┌──

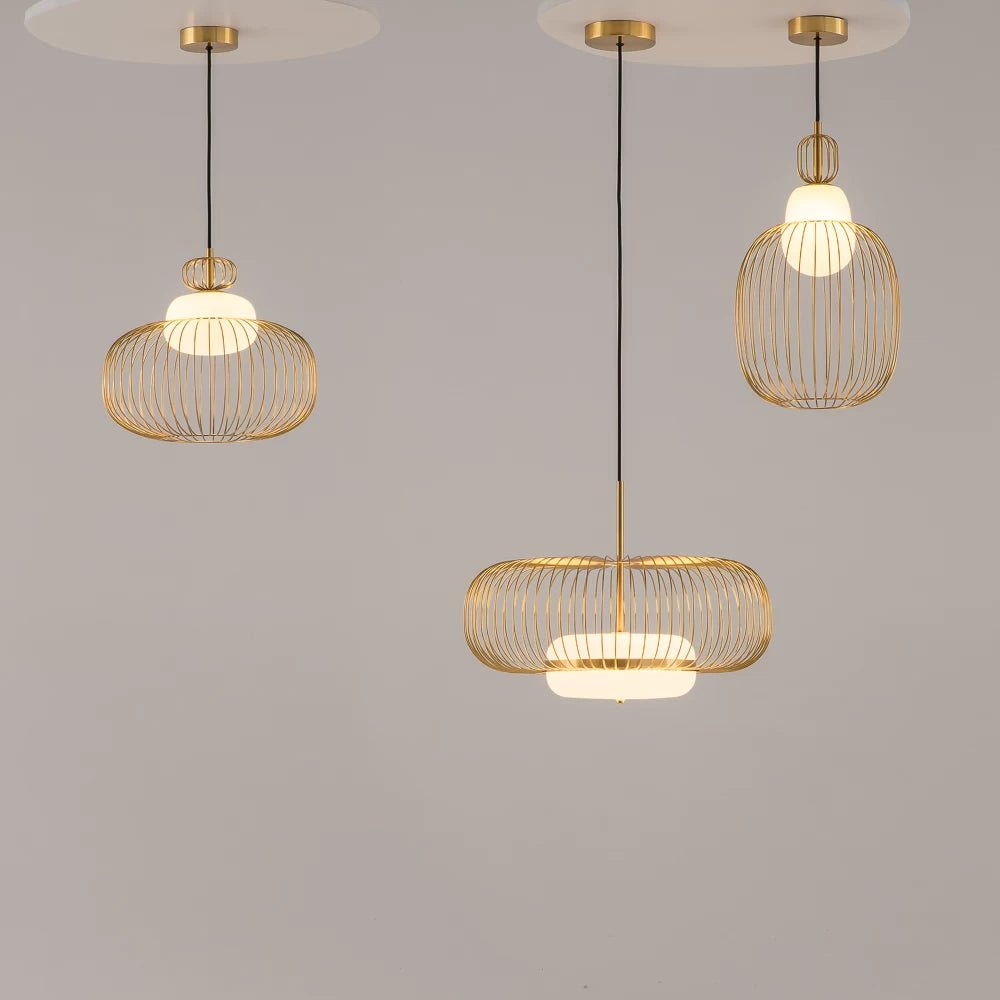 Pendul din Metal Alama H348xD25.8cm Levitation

└──
┌──

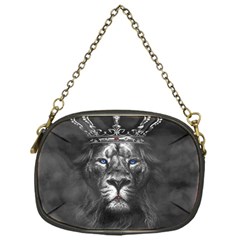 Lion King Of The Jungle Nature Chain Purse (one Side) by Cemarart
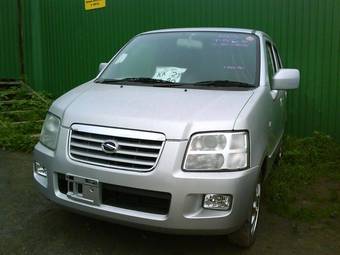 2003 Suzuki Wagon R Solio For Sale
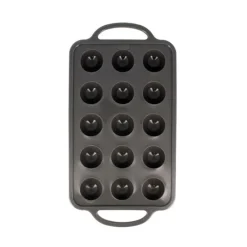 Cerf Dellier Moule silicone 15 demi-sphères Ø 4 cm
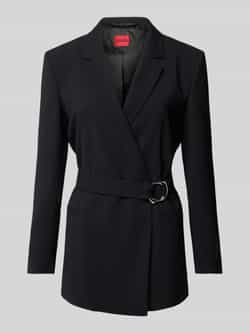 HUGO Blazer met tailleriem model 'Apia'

└──
┌──

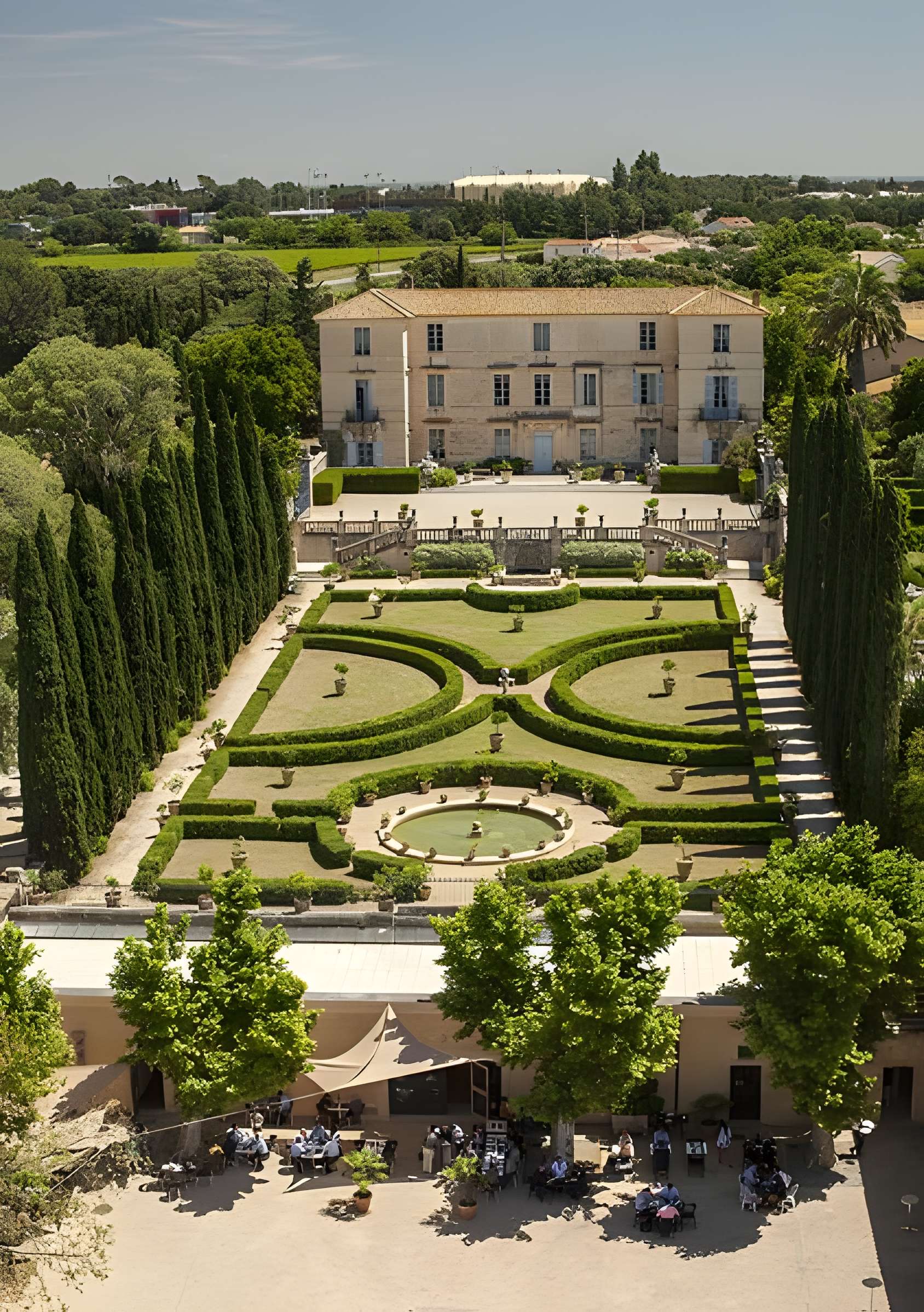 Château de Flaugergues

└──

Exercise directions
Above, find the line holding "2003 Suzuki Wagon R Solio For Sale" and the line holding "HUGO Blazer met tailleriem model 'Apia'". Print exactly those two lines and every line between them, but no pictures.

Task solution
 2003 Suzuki Wagon R Solio For Sale
 Cerf Dellier Moule silicone 15 demi-sphères Ø 4 cm
 HUGO Blazer met tailleriem model 'Apia'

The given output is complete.